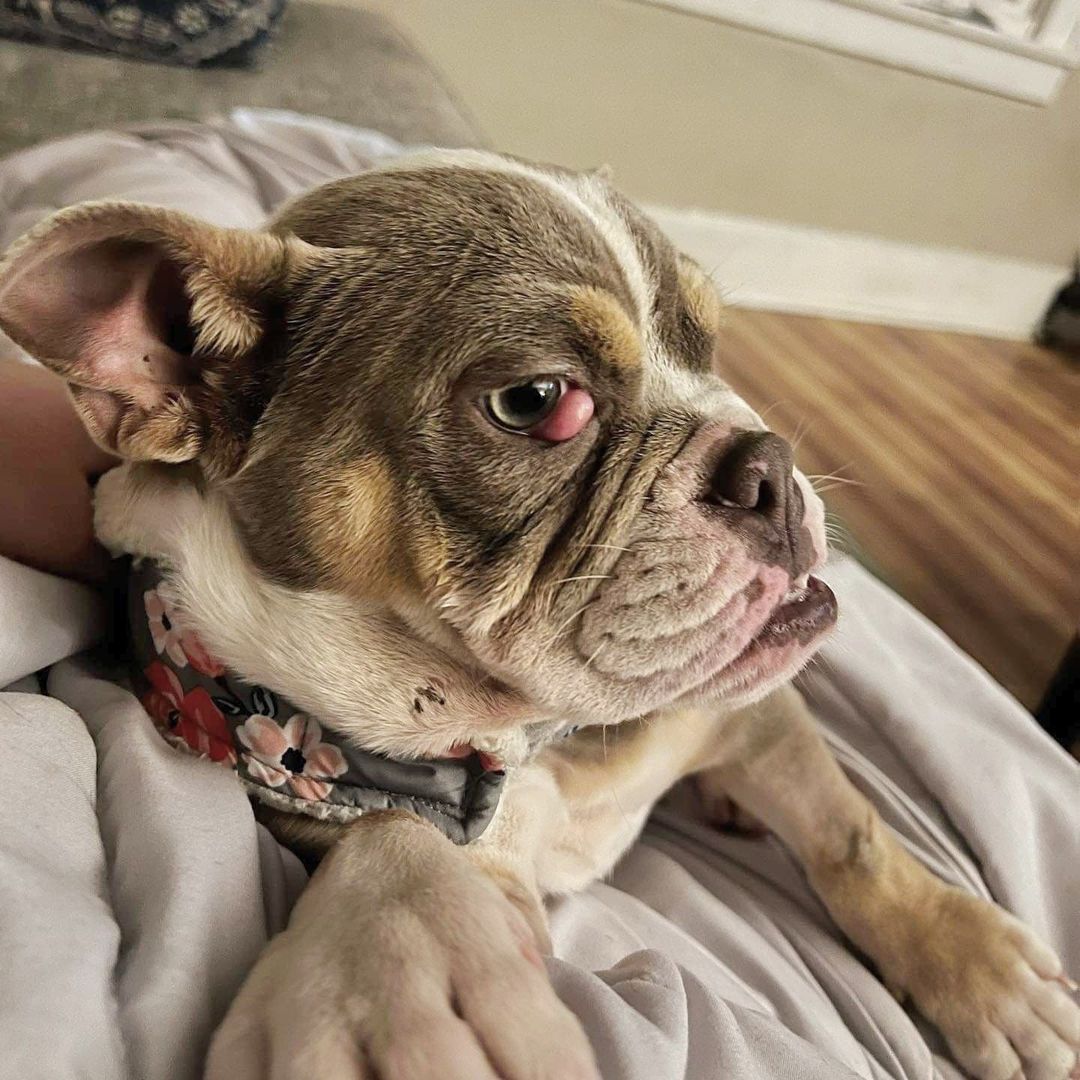 Please welcome Sookie to the SOS family! 
Sookie was picked up as a stray by animal control on October 18th. She had a 4-5 inch prolapsed rectum and was taken to the ER where she spent the next 3 days after surgery. She then contracted Parvo but thankfully recovered. As you can see from the pictures she also has pretty severe double cherry eye.
This little girl is only 7 months old and has already endured more than any pup should have to and she's still not done 😞
She has a vet appointment on November 15th to check the healing progress of her prolapse surgery (as there is still a little bleeding), examine her eyes and overall wellness. Over the next few weeks/months she will need to have eye surgery, spay surgery, multiple vaccinations and extra special care.
We don't have an exact estimate for all of this yet but do know that it will be at least a few thousand dollars. Please help us help Sookie.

■ EXERCISE: Pictures are to be excluded; all other material must be transcribed exactly.

■ SOLUTION TO THIS PROBLEM:
 Please welcome Sookie to the SOS family! 
Sookie was picked up as a stray by animal control on October 18th. She had a 4-5 inch prolapsed rectum and was taken to the ER where she spent the next 3 days after surgery. She then contracted Parvo but thankfully recovered. As you can see from the pictures she also has pretty severe double cherry eye.
This little girl is only 7 months old and has already endured more than any pup should have to and she's still not done 😞
She has a vet appointment on November 15th to check the healing progress of her prolapse surgery (as there is still a little bleeding), examine her eyes and overall wellness. Over the next few weeks/months she will need to have eye surgery, spay surgery, multiple vaccinations and extra special care.
We don't have an exact estimate for all of this yet but do know that it will be at least a few thousand dollars. Please help us help Sookie.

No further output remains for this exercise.